■ WORK REQUIRED: Reproduce each entry below in full, exactly as it was given.

+-------+

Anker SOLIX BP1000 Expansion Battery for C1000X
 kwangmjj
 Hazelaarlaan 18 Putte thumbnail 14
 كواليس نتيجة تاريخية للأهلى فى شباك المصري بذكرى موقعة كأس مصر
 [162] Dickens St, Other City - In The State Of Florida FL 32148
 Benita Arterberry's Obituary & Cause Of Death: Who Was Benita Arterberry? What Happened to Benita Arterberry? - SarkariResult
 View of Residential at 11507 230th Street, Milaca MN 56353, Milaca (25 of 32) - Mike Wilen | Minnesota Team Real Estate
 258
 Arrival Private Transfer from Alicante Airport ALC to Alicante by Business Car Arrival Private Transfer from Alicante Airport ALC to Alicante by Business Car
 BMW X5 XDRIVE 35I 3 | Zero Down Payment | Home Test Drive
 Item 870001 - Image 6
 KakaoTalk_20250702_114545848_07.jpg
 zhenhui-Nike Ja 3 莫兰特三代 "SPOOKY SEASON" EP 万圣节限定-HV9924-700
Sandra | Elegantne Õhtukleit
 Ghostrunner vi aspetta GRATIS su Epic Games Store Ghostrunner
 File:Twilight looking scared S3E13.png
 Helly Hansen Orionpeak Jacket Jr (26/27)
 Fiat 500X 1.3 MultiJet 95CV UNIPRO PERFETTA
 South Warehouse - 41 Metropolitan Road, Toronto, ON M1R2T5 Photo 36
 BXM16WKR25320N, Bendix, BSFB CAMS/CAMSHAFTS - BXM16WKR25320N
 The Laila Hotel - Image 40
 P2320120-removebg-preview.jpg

+-------+

■ TASK RESULT:
Anker SOLIX BP1000 Expansion Battery for C1000X
 kwangmjj
 Hazelaarlaan 18 Putte thumbnail 14
 كواليس نتيجة تاريخية للأهلى فى شباك المصري بذكرى موقعة كأس مصر
 [162] Dickens St, Other City - In The State Of Florida FL 32148
 Benita Arterberry's Obituary & Cause Of Death: Who Was Benita Arterberry? What Happened to Benita Arterberry? - SarkariResult
 View of Residential at 11507 230th Street, Milaca MN 56353, Milaca (25 of 32) - Mike Wilen | Minnesota Team Real Estate
 258
 Arrival Private Transfer from Alicante Airport ALC to Alicante by Business Car Arrival Private Transfer from Alicante Airport ALC to Alicante by Business Car
 BMW X5 XDRIVE 35I 3 | Zero Down Payment | Home Test Drive
 Item 870001 - Image 6
 KakaoTalk_20250702_114545848_07.jpg
 zhenhui-Nike Ja 3 莫兰特三代 "SPOOKY SEASON" EP 万圣节限定-HV9924-700
Sandra | Elegantne Õhtukleit
 Ghostrunner vi aspetta GRATIS su Epic Games Store Ghostrunner
 File:Twilight looking scared S3E13.png
 Helly Hansen Orionpeak Jacket Jr (26/27)
 Fiat 500X 1.3 MultiJet 95CV UNIPRO PERFETTA
 South Warehouse - 41 Metropolitan Road, Toronto, ON M1R2T5 Photo 36
 BXM16WKR25320N, Bendix, BSFB CAMS/CAMSHAFTS - BXM16WKR25320N
 The Laila Hotel - Image 40
 P2320120-removebg-preview.jpg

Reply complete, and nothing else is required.